By the time that this book was published (in 1934), Hercule Poirot had a big fan base and people would wait for a new novel to be released by Agatha Christie. The book is extremely famous, and has also been converted into a movie. The base plot of the book is seemingly based on the Lindberg baby kidnapping where the baby son of the famous aviator Charles Lindberg was kidnapped. Tragically, the child was murdered, and this was a very famous case (since Lindberg was extremely famous after doing a solo flight across the Atlantic). And the book has a similar case, where the person who was murdered was revealed to be behind a similar crime, something that gets revealed during the course of the investigation of the murder. The ending is a bit surprising for those who have read many of the other Hercule Poirot novels (and just for that, in this review, I will not reveal the ending - so if you have not read the book, try and get it).
Hercule Poriot is returning from Syria in the Orient Express in Istanbul, and has had to take help from a friend who is a director on the train company Compagnie Internationale des Wagons-Lits; he gets a berth when another traveler fails to show up.



And like many other mysteries, Poirot just happens to be on the scene when a murder happens (something which scares the perpetrators of the crime, since in the normal course of things, this would not have been a crime that would have been easily solved).

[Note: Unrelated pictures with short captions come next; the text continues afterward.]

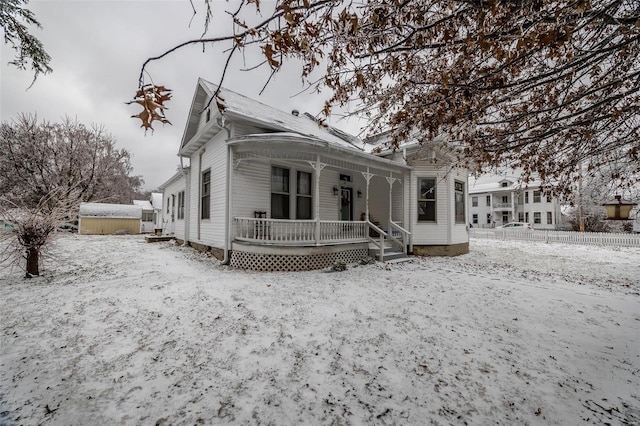 607 N Jackson St, Salem, MO 65560 - view of front of home with covered porch, a storage unit, and an outdoor structure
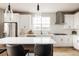 Well-lit kitchen with white cabinets, stainless steel appliances, and a spacious countertop at 6303 Elmira St, Denver, CO 80238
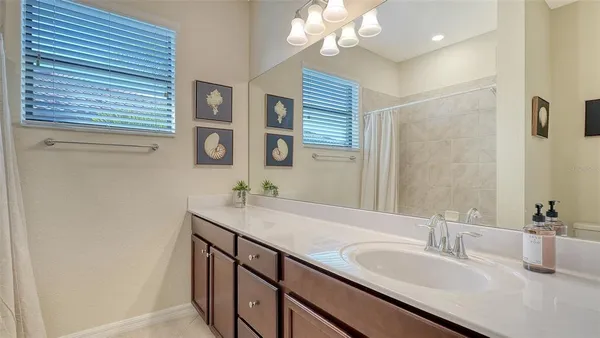 a view of a house with swimming pool and a yard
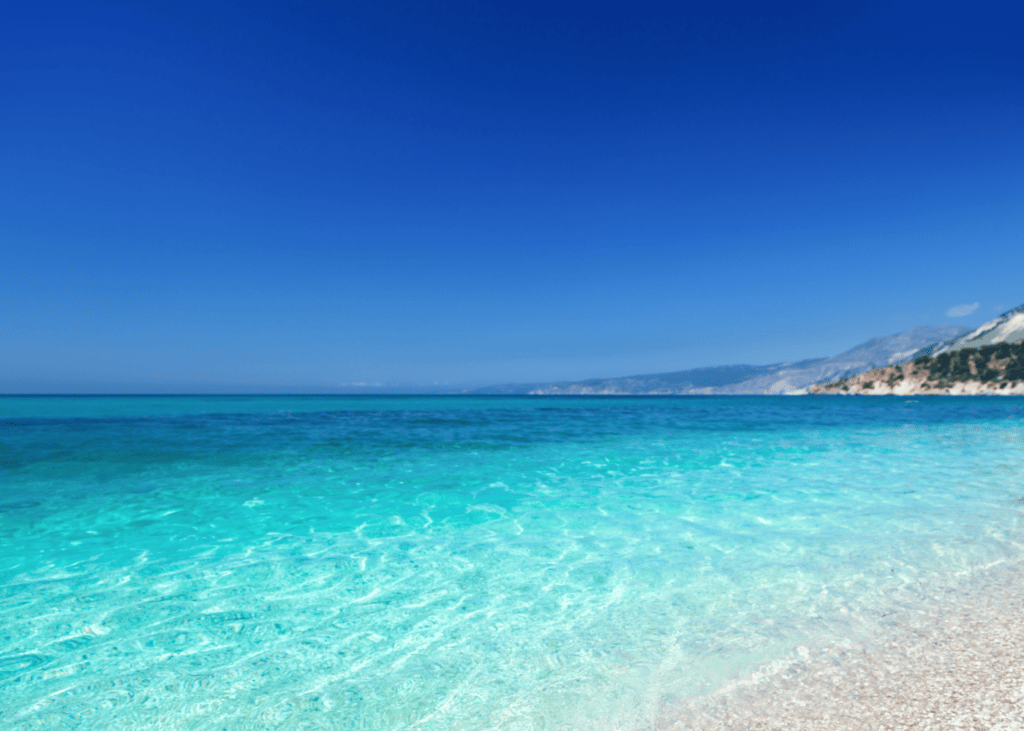 Brilliant turquoise and blue water stretches along the shoreline at Myrtos Beach in Kefalonia Greece with dramatic white limestone cliffs rising along the rugged coastline.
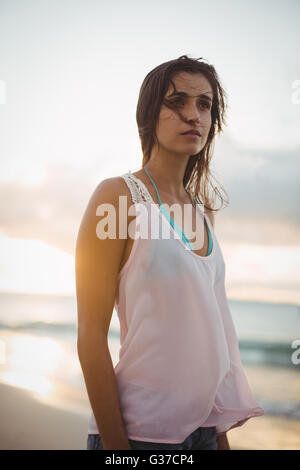 Beautiful woman standing on the beach Stock Photo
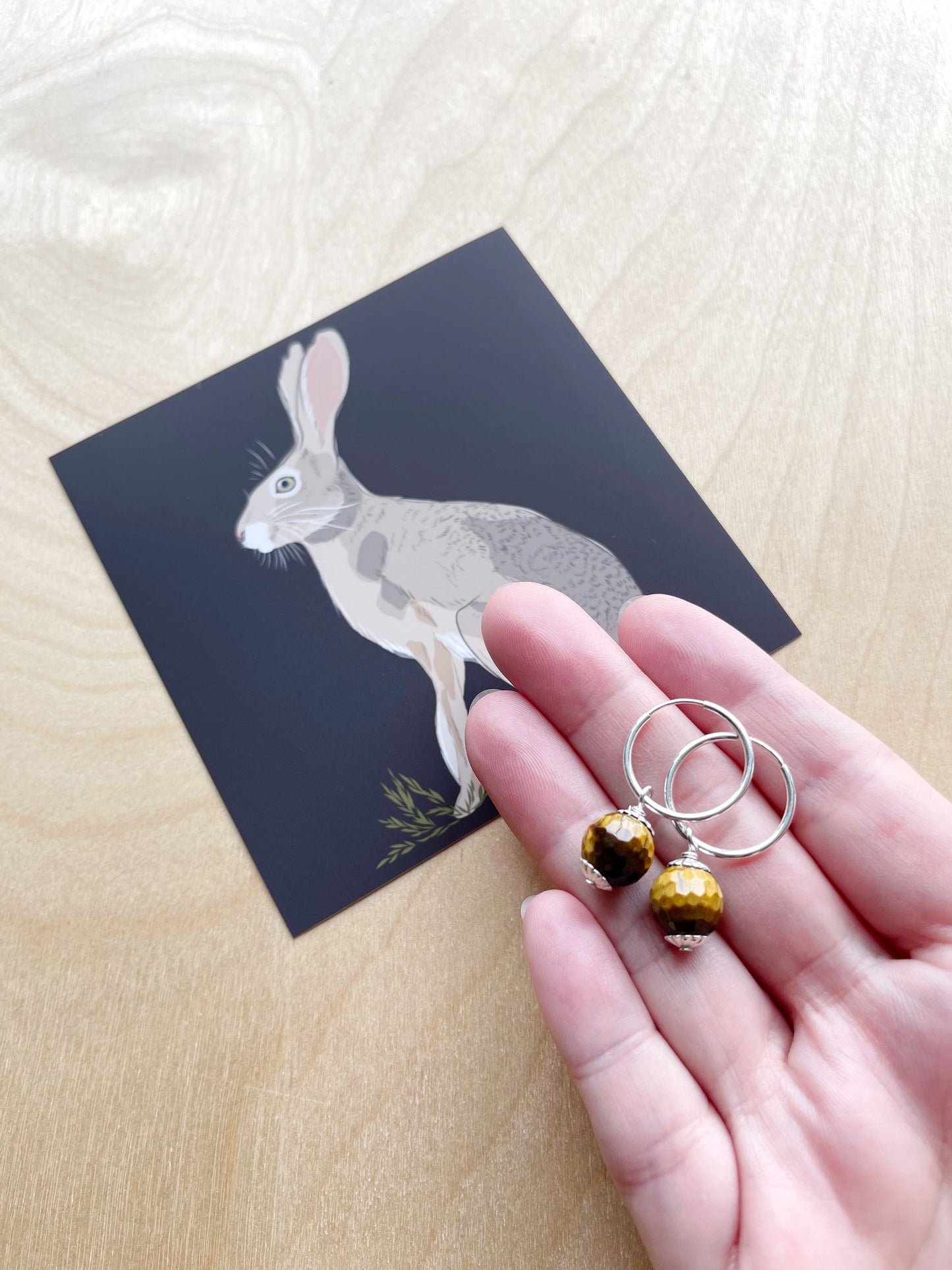 AJ. Tiger Eye dangles on sterling silver hoop earrings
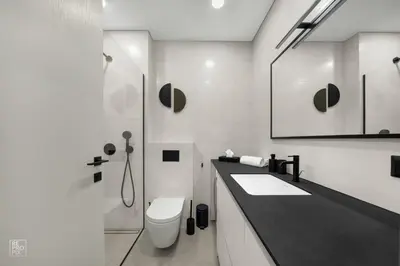 a white bathroom with a toilet and a sink at Comfortable 2 BD Apartment by Domvia in Kaunas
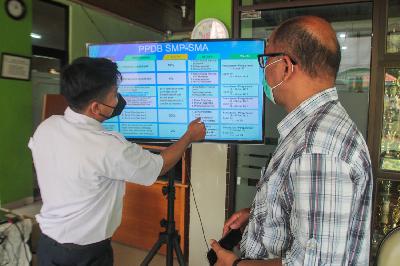 Petugas memberikan informasi kepada orang tua murid terkait pengajuan akun Penerimaan Peserta Didik Baru (PPDB) Tahun Pelajaran 2021/2022 di Sekolah SMA Negeri 87 Jakarta, 7 Juni 2021. TEMPO/Hilman Fathurrahman W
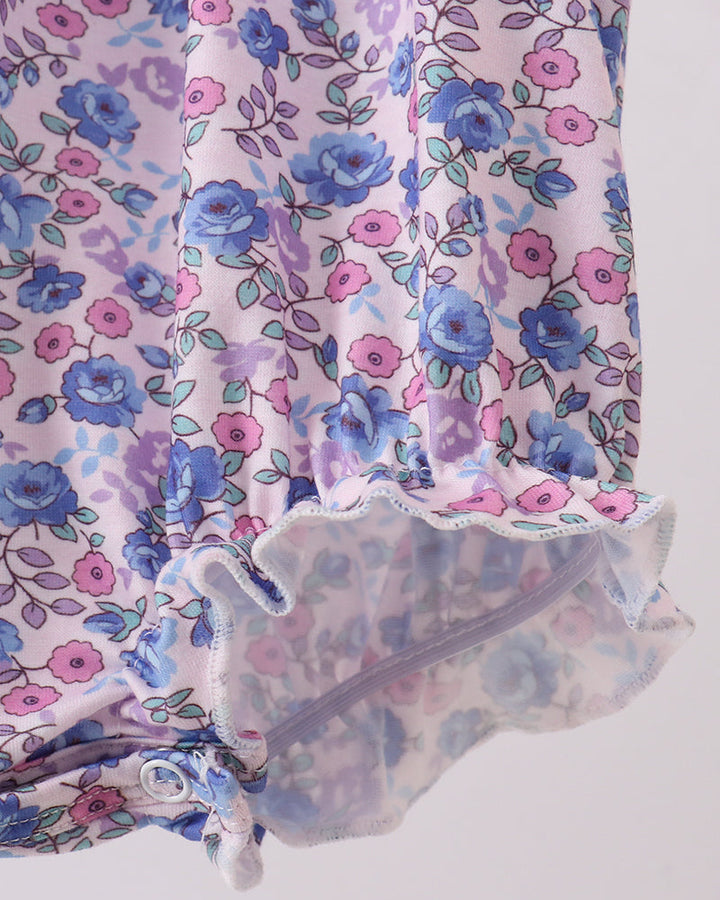 Floral patterned fabric with ruffled edge on a white background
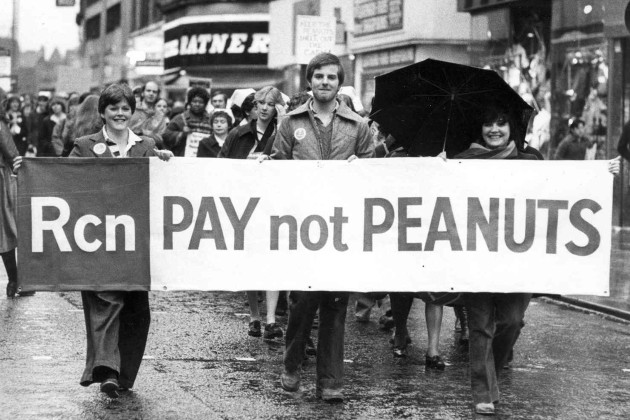 Nurses hold banner reading 'Pay not peanuts' as part of a 1969 campaign that led to a significant pay rise for nurses in the NHS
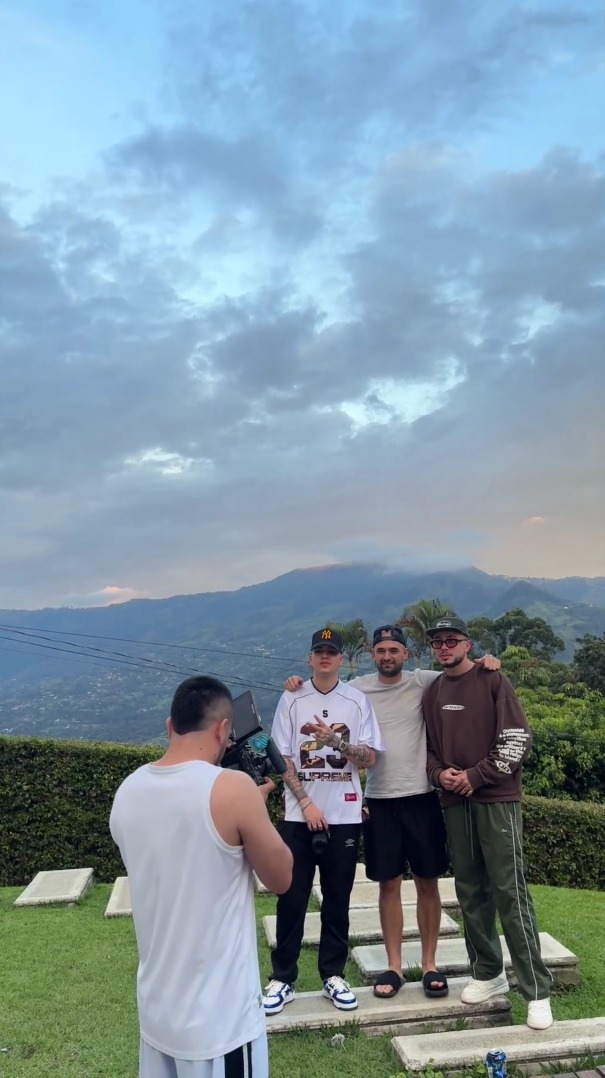 Tres artistas de FAMA i. posando frente a cámara al atardecer, con las montañas de Medellín detrás.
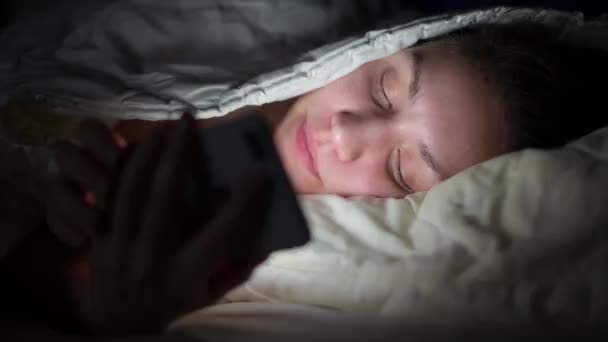 Chica ríe leyendo mensajes en el teléfono por la noche, acostado debajo de las sábanas — Vídeos de Stock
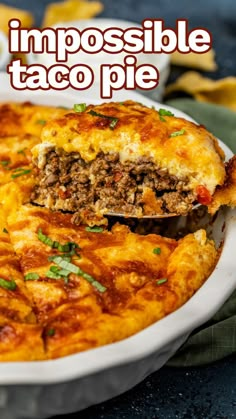 a close up of a casserole in a white dish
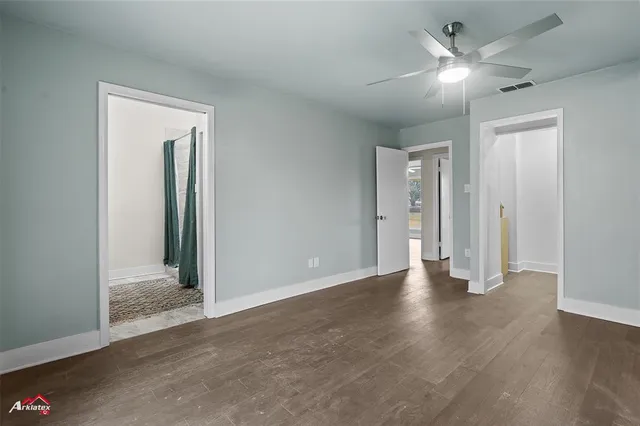 an empty room with wooden floor and ceiling fan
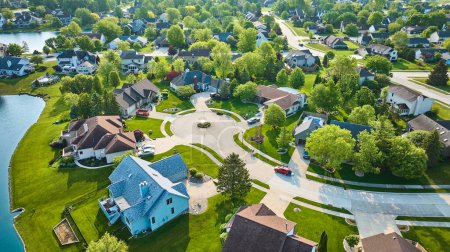 Image of Cul-de-sac with large to middleclass homes in neighborhood with pond in summertime aerial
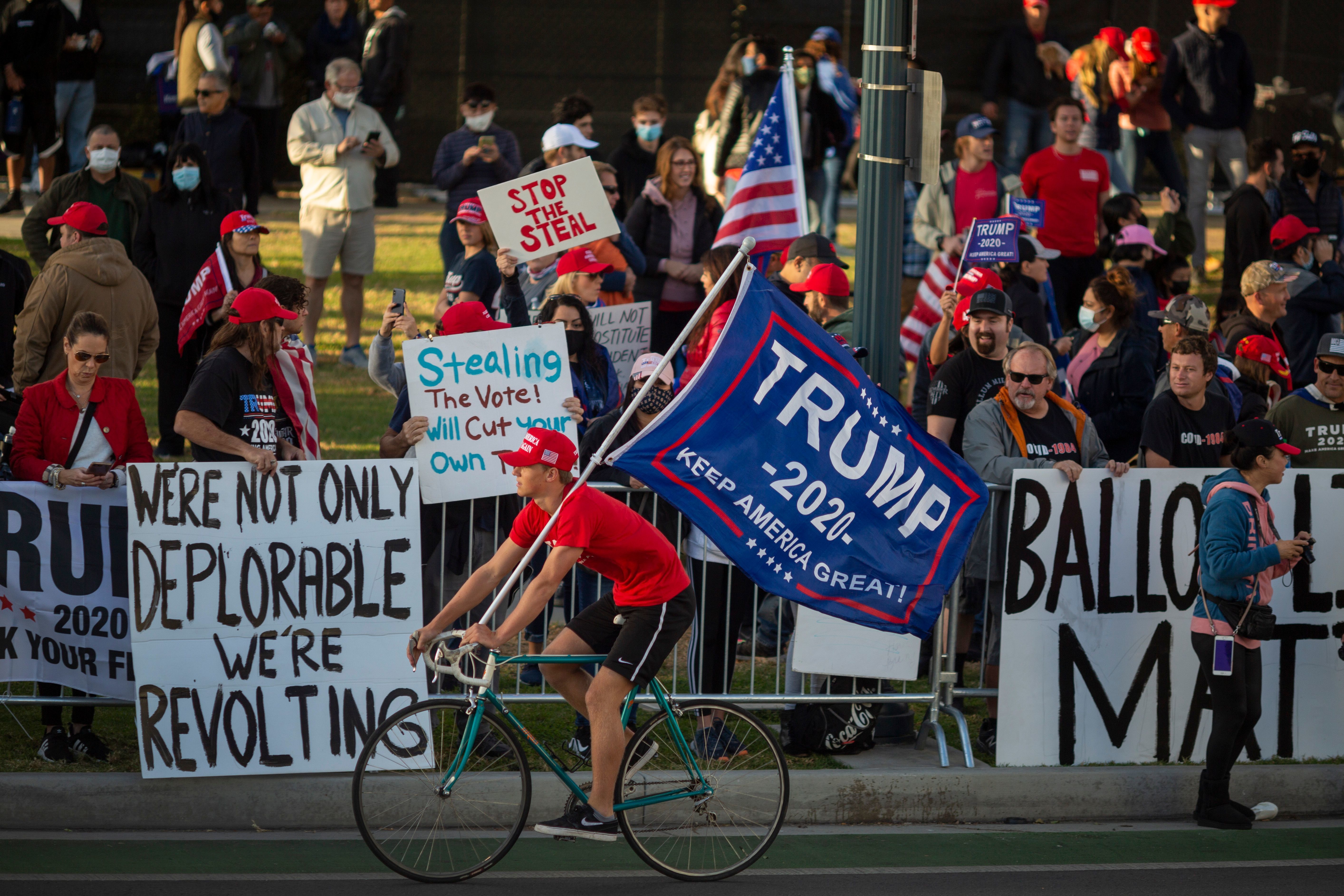 Supporters of President Trump rally in Beverly Hills, Calif., on Saturday after Democratic nominee Joe Biden was declared to have won the 2020 presidential election. (AFP via Getty Images)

In the course of a night near Belgrade, Poirot seems to hear a sound outside his door more than once, and does not encounter anybody. Further, a lady Mrs. Hubbard seems to believe that somebody was in her apartment. However, nobody is to be found.
The next morning, they find one of the passengers, Mr. Ratchett, to have died, rather been murdered. He was killed by many stab wounds, some from left handers, some from right handers, and some much deeper than the others. The train is stuck in a snow-storm, so it would seem that the murdered is still on the train. Poirot is the only one who can investigate, and he starts his investigation. He finds a number of clues, but many of them point in different directions. And then he discovers the past of Mr. Ratchett, who was actually a fugitive from the US called Cassetti. And he was behind the kidnap and murder of a young heiress, Daisy Armstrong, and had then fled from the country. Her parents died from the shock (her mother died from the shock, and her father killed himself).
And as he investigates, he realizes that other passengers on the train all had connections to the Armstrong family in the past, and thus any of them could have a motive, so who was the actual killer ?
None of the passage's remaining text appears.